Pozycja podczas skretu w lewo na skrzyżowaniu.

Tu możecie podzielić się uwagami lub wątpliwościami związanymi z poruszaniem się na drogach

Moderatorzy: dylek, ella, klebek

Pozycja podczas skretu w lewo na skrzyżowaniu.

Postprzez Adjan » poniedziałek 17 maja 2010, 19:08

Witam. Mam pewne wątpliwości, co do pozycji, którą powinienem zająć podczas wykonywania 'lewoskrętu'. Przeszukałem forum, lecz nie udało mi się znaleźć satysfakcjonującej odpowiedzi. Mianowicie chodzi mi o to w którym miejscu powinienem się zatrzymać. Kiedy mogę wjechać na skrzyżowanie i oczekiwać na możliwość przejazdu przy środku osi jezdni,a kiedy wstrzymać się z przejazdem. Dołączam prymitywny obrazek - ja to niebieski i/ lub fioletowy. Jeśli ktoś byłby w stanie jakoś skrzętnie i precyzyjnie wytłumaczyć byłbym bardzo wdzięczny, np kiedy jadę z pierwszeństwem na wprost i z każdej strony? Dojechać do środka (fioletowy) i poczekać aż samochód/ samochody z naprzeciwka przejada? Co, gdy jest to równorzędne skrzyżowanie i mam samochód/samochody także z prawej czy z lewej strony?
Obrazek
Ostatnio zmieniony poniedziałek 17 maja 2010, 19:15 przez Adjan, łącznie zmieniany 1 raz
Adjan
 
Posty: 4
Dołączył(a): poniedziałek 17 maja 2010, 18:55

Postprzez piotrekbdg » poniedziałek 17 maja 2010, 19:16

Mniej więcej tak jak narysowałeś, dojeżdżasz do osi jezdni i oczekujesz na możliwość przejazdu. Tylko lewoskręt staraj się zrobić przed symetrycznym środkiem skrzyżowania, tak aby ewentualny pojazd z przeciwka skręcający w lewo też się zmieścił. Równorzędne wiele tu nie zmienia, interesują Cię tylko pojazdy z prawej i z przeciwka. Leśli miejsca jest dosyć to ustawiasz sie tak samo jak w przypadku ze znakami czy sygnalizacją S-1. Jak skrzyżowanie jest małe/wąskie dojedź do krawędzi i czekaj aż z przeciwka i z prawej będzie wolne.
piotrekbdg
 
Posty: 2139
Dołączył(a): wtorek 18 sierpnia 2009, 00:18

Postprzez Adjan » poniedziałek 17 maja 2010, 19:24

to znaczy, że jeśli małe to czekam w miejscu niebieskim? Dojeżdżając do skrzyżowania zatrzymuje się w miejscu niebieskiego, przepuszczam z prawej samochody i gdy zostaje sam na sam z tym/tymi z naprzeciwka to podjeżdżam do środka jezdni tam czekam na swoją szansę? Czy oczekiwanie w takowej sytuacji, tam gdzie jest niebieksi, byłoby błędem?
Adjan
 
Posty: 4
Dołączył(a): poniedziałek 17 maja 2010, 18:55

Postprzez piotrekbdg » poniedziałek 17 maja 2010, 19:34

to znaczy, że jeśli małe to czekam w miejscu niebieskim?
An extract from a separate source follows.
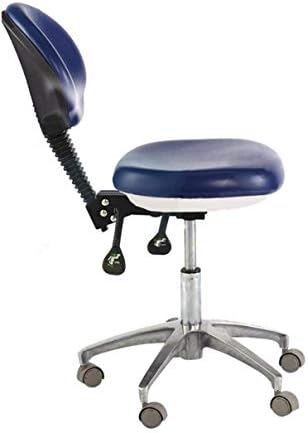כךבית שיניים נייד כיסא רופא של שרפרף מושב גובה התאמת עור מפוצל שיניים כיסא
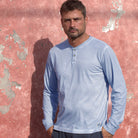 Pearl Gray ++ light gray mens henley shirt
tak, bo nie ma sensu wychylać się na pół metra, jeszcze tylko skręt sobie możesz utrudnić jak to jakieś małe i nieforemne skrzyżowanie.

Dojeżdżając do skrzyżowania zatrzymuje się w miejscu niebieskiego, przepuszczam z prawej samochody i gdy zostaje sam na sam z tym/tymi z naprzeciwka to podjeżdżam do środka jezdni tam czekam na swoją szansę?


Tak

Czy oczekiwanie w takowej sytuacji, tam gdzie jest niebieksi, byłoby błędem?


To zależy, nie dobrze w tym przypadku jest uogólniać. Jeśli to skrzyżowanie z sygnalizacją S-1, skręcasz w lewo a samochodów z przeciwka jest od liku, do tego przed tobą też ze dwa-trzy samochody jadą w lewo to lepiej się za sygnalizator nie ruszać bo możesz na nie wjechać i mieć problemy z opuszczeniem.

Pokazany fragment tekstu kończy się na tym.